Latinos' Political Foe Gets Friendly

Profile: By backing an ethnic supermarket in Anaheim, mayoral hopeful Curt Pringle changes stripes.


Curt Pringle was a 29-year-old Republican upstart running for the Assembly in 1988 when he did something that cast a shadow on the rest of his political career. On election day, his campaign hired uniformed security guards to stand outside polling stations in heavily Latino neighborhoods, holding placards reading "Non-Citizens Can't Vote."

Today, Pringle is running for mayor of Anaheim. But Orange County is a far different place both politically and demographically than it was 14 years ago, and voters must decide whether Pringle has changed with the times.

Anaheim is now nearly 50% Latino. For several weeks, the hottest issue in town has been the Planning Commission's decision to thwart the Mexican-owned supermarket chain Gigante from moving into town after a city official called it too Hispanic. Last week, the City Council overturned the Planning Commission's denial of Gigante's request.

In a move that surprised some of his critics, Pringle came out in support of Gigante, even appearing at a rally beside some of the very Latino activists who blasted him for the poll guard incident.

"This issue has united individuals and organizations with divided viewpoints around a basic American principle of property rights and fairness," said Pringle, who served as speaker of the Assembly during the mid-1990s.

While the activists are far from endorsing Pringle, they said they can't help but respect what they took to be an unspoken mea culpa.

"It speaks well for him that he's here," said Amin David, president of Los Amigos of Orange County, a leading Latino rights group. "What happened [in 1988] brought forth a lot of pain. Sometimes we can move on and sometimes we can't."

Ruben Smith, who organized the Gigante rally, said Pringle's stance marks an important first step. "I don't think it just goes away with one issue," he said. "There's no doubt he wants to do the right thing and change the image he has."

Shifting Demographics

Pringle's candidacy comes at a time of great change for the Orange County GOP. It has seen its traditional domination of county politics slip in recent years. In the increasingly diverse central county, several high-profile Democrats have won office, including Rep. Loretta Sanchez (D-Garden Grove), who defeated legendary conservative Republican Robert K. Dornan.

Communities long known as rock-solid Republican strongholds, such as Anaheim, have seen a wave of immigration from Mexico and other Latin American countries in the past decade.

The GOP is shifting with the times.

"Things have changed," said Fred Smoller, head of the Henley Social Science Research Center at Chapman University in Orange. "Clearly, the Republican Party has.
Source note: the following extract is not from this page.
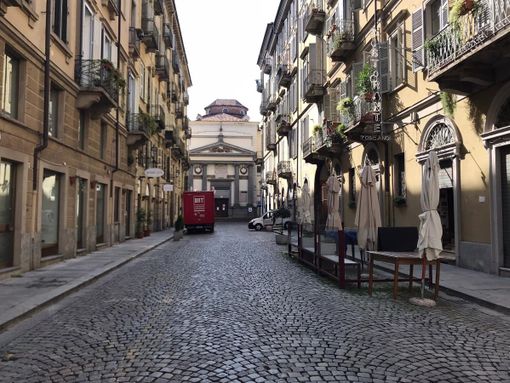“In vendita o in affitto”: il deserto di via della Misericordia un esempio di pedonalizzazione fallita in centro [FOTO]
Politicians look to what works, and [targeting immigrants] failed for them."

Smoller said the posting of guards at polling places, and even the tough rhetoric against illegal immigration used by Gov. Pete Wilson in his 1994 reelection, would not fly with today's Orange County Republicans, who are trying to make inroads among Latinos. "We now are a minority-majority county and good politicians ought to be able to count," Smoller said.
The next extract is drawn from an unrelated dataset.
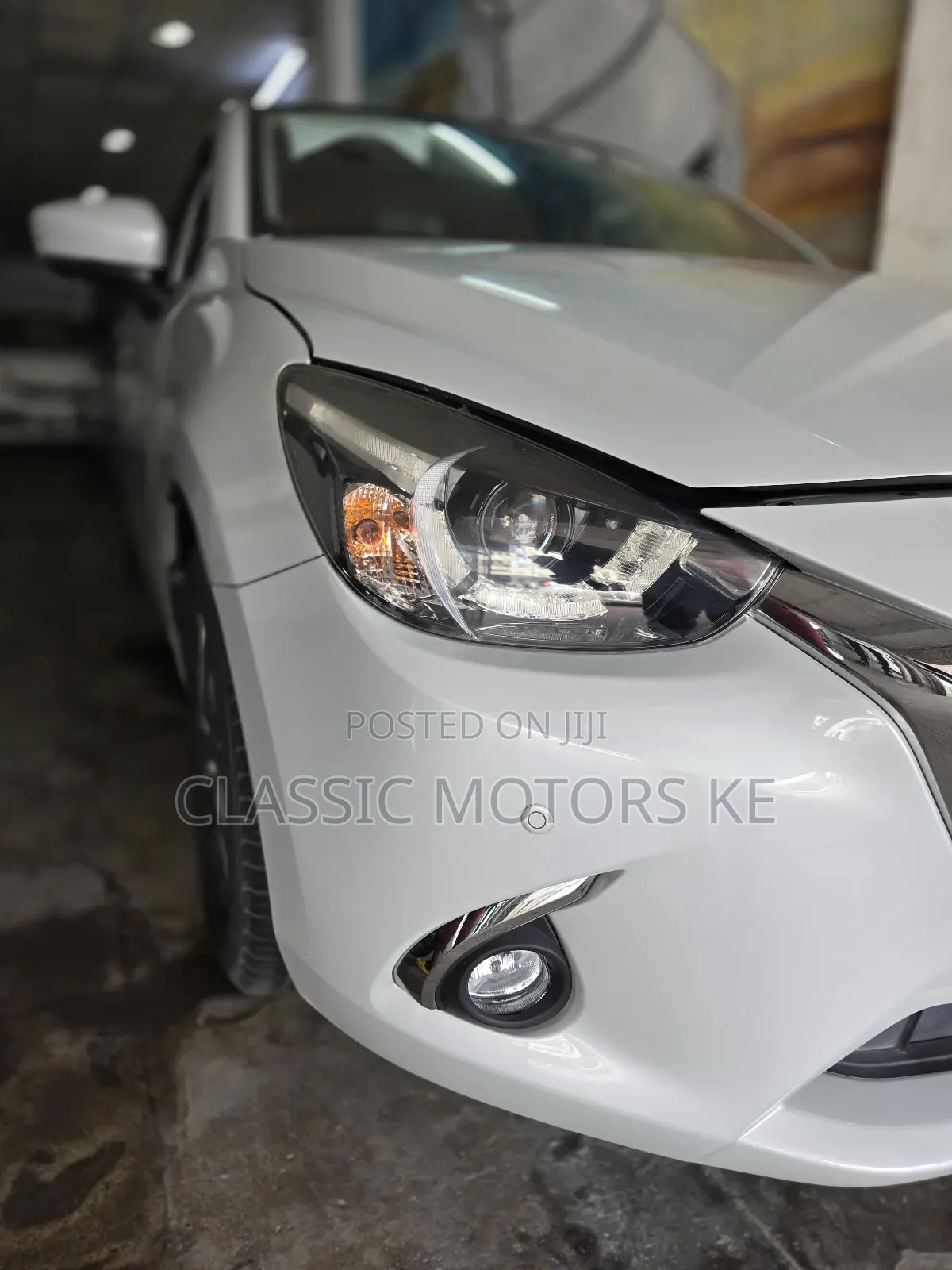Mazda Demio 2018 Off white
What became known as the "poll-guard incident" confirmed for many Orange County's reputation as a hub of intolerance. The county's history is pocked with divisive politics: In 1924, Anaheim was the site of the largest white supremacist rally in California history. In the 1950s, the extreme anti-communist John Birch Society found a home in Orange County.
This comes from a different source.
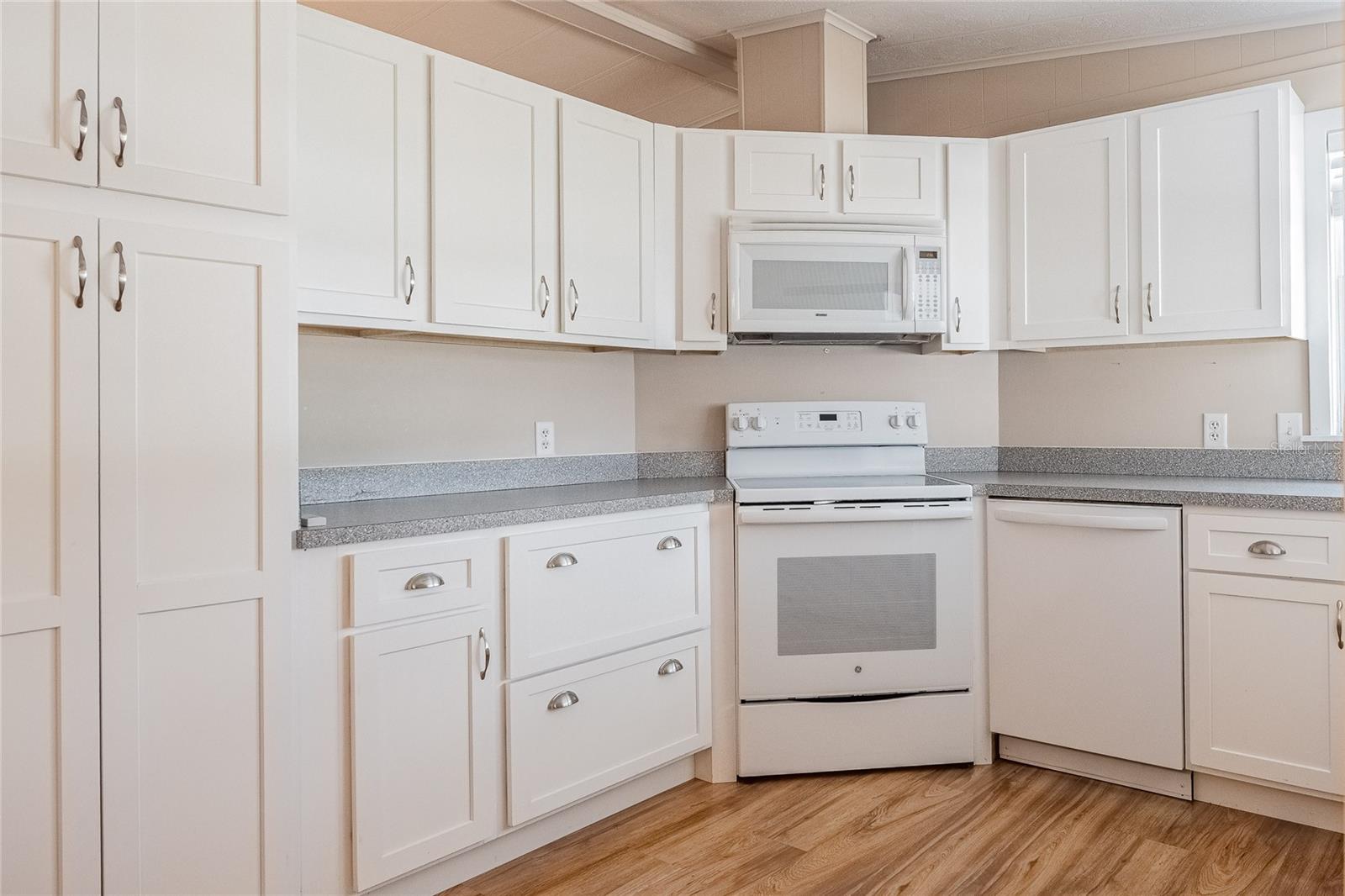 MARTIN ESTATES - Residential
In 1988, Pringle's campaign, aided by the local GOP, stationed private guards at 22 polling places in Latino neighborhoods in Santa Ana to monitor voters. Some challenged voters and demanded identification.

Local GOP leaders testified later that they were responding to fears that Democrats planned to drive busloads of illegal immigrants to cast ballots in the central Orange County race. The local party and Pringle eventually settled a civil rights lawsuit for $400,000. There was no evidence of the busloads of illegitimate voters.

Pringle, defeated for reelection to his district seat in 1990, won a neighboring seat in 1992 and in 1996 was elected Assembly speaker. Dismissed as an insignificant far-right ideologue during his first stint, he rose to Assembly speaker with a reputation for effectiveness and fairness.

Termed out of office in 1998, Pringle ran for state treasurer that year. Several Latino organizations ran television ads in key markets reminding voters of the poll-guard incident, and he lost to Democrat Phil Angelides by a wide margin.

Pringle remains uncomfortable talking about the poll guards and the impact the incident has had on his political career. He has repeatedly said that he knew about the guards but didn't know they would be in uniform or that his campaign paid for their signs. If someone suggested hiring such guards today, he said he wouldn't agree to it.

"What's more important to me is that where you can find the ability to work with people to get things done, you do," he said.